1. Gerakan Mahasiswa Papua
Dalam tahun 2007 ini banyak gebrakan dilakukan oleh anak bangsa Papua Barat. Hal ini dapat dilihat dari misalnya aksi Benny Wenda dan kawan-kawan di Eropa, baik yang di Belanda dan Inggris, maupun Yacop Pray di Swedia cukup berarti artinya bagi kemajuan diplomasi issu Papua Barat. Hal demikian ini dapat menguntungkan masa depan pembangunan opini bagi dukungan internasional Papua Barat Merdeka. Keuntungan lainnya adalah masyarakat Ekonomi Eropa dapat meninjau kembali bantuan ekonomi kepada Indonesia. Selebihnya keuntungan aksi Benny Wenda CS di Eropa adalah pembangunan opini internasional bahwa ada bukan saja genosida tapi ekosida dan akhirnya masyarakat Ekonomi Eropa menjadi tahu akhirnya bahwa Indonesia menjajah bangsa Papua Barat.
Demikian juga dengan kemajuan dari anak-anak mahasiswa Papua Barat diberbagai kota study di Indonesia. Aksi turun ke jalan Mahasiswa Papua cukup merepotkan pemerintah kolonialis RI. Mahasiswa Papua di Jogja cukup agressif, walau kadang mereka harus berhadapan dengan gerakan garis keras Hizbut Thahrir yang anti Amerika dan Barat
dengan kedok membela negeri-negeri muslim seperti Indonesia. Demikian juga dengan mahasiswa Papua di ibukota Jakarta. Aksi-aksi serempak seluruh kota study se-Pulau Jawa-Bali sesering mungkin harus ditingkatkan. Karena langsung berhadapan dengan pengambilan keputusan nasional dan mudahnya publikasi media nasional dan Internasional ada di Ibu Kota Jakarta.

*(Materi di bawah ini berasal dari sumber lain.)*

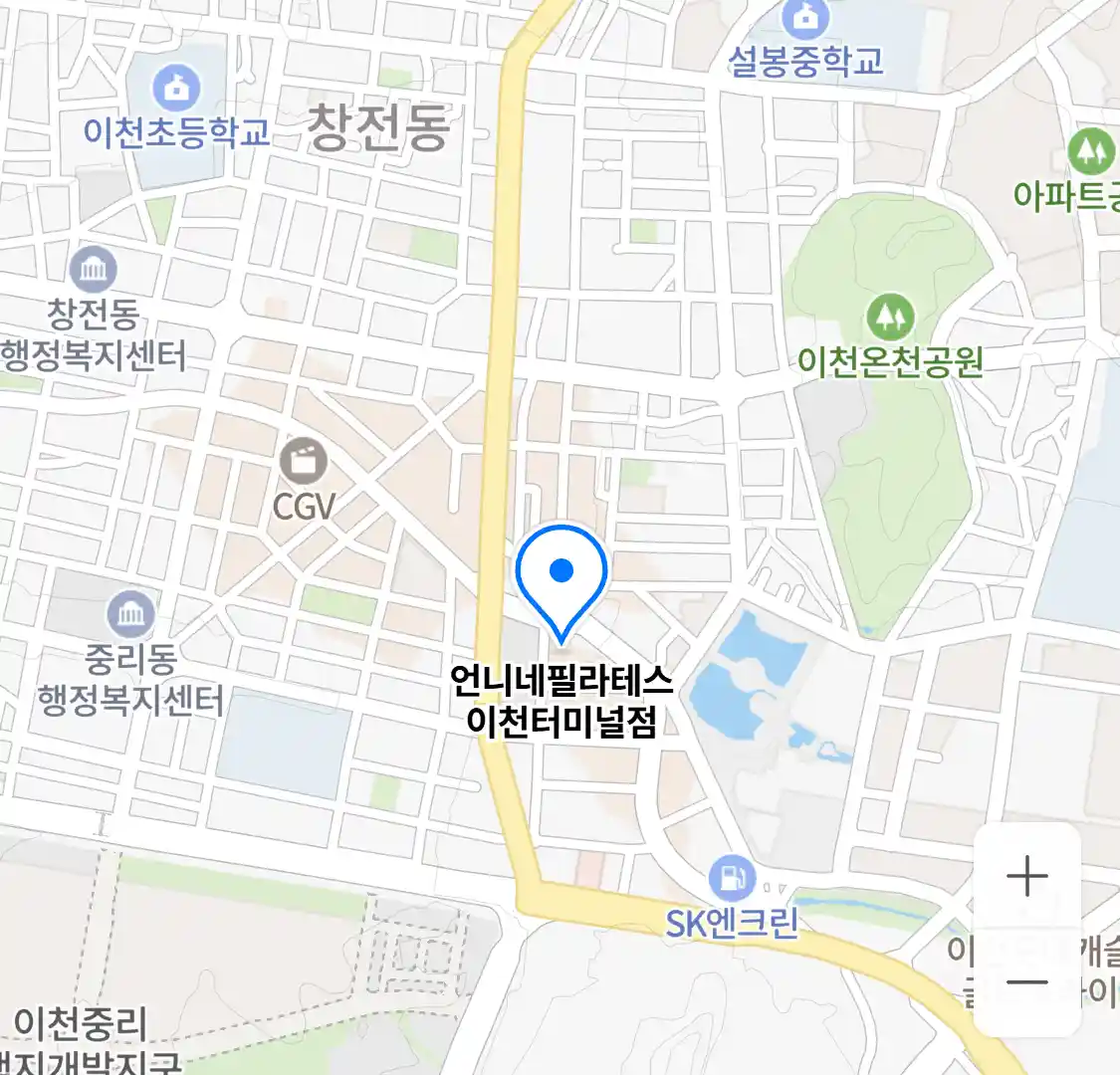 언니네필라테스 이천터미널점 위치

Mahasiswa Papua Barat harus berhadapan dengan rakyat Indonesia yang berkedok pembela tanah air kolonialis yang keras semisal FPI (Front Pembela Islam), yang membakar lambang bendera kebanggaan bangsa Papua Barat, Bintang Kejora. Demikian juga di Jakarta, mahasiswa Papua menembus pagar dan berhadapan langsung dengan aparat kemanan RI dengan senjata mematikan siap tembak bagi yang mendekati kedubes Amerika.
Kadang-kadang kita sulit membayangkan, tapi memang menggelar aksi turun ke jalan di kota Papua, misalnya di Manukwari oleh mahasiswa UNIPA atau di Abepura Jayapura, bukan tempat yang aman dan tanpa suatu keberanian aktivis. Ditanah jajahan aktivitas gerakan Papua Merdeka alamatnya adalah kematian dan kuburan siaga menjemput. Tapi keberanian anak-anak di Tanah jajahan (Papua Barat) yang langsung berhadapan dengan kekerasan aparat pertahanan keamanan RI yang kadangkala tak kenal ampun dan kasar. Mereka telah banyak membantu pergerakan perjuangan pembebasan tanah air Papua dan membuka mata dunia Internasional dengan aksi-aksinya yang turun ke jalan. Aksi di
kota Abepura dengan issu utama menutup PT Freeport sangat merepotkan SBY-Kalla, bahkan SBY tidak bersuara selama dua minggu saat aksi mahasiswa berlangsung serentak disemua kota study. Walaupun di pihak anak negeri telah meninggalkan banyak duka dan
luka dengan meninggalnya beberapa tokoh dan terusirnya beberapa aktivis mahasiswa dari negeri tanah tumpah darahnya sendiri.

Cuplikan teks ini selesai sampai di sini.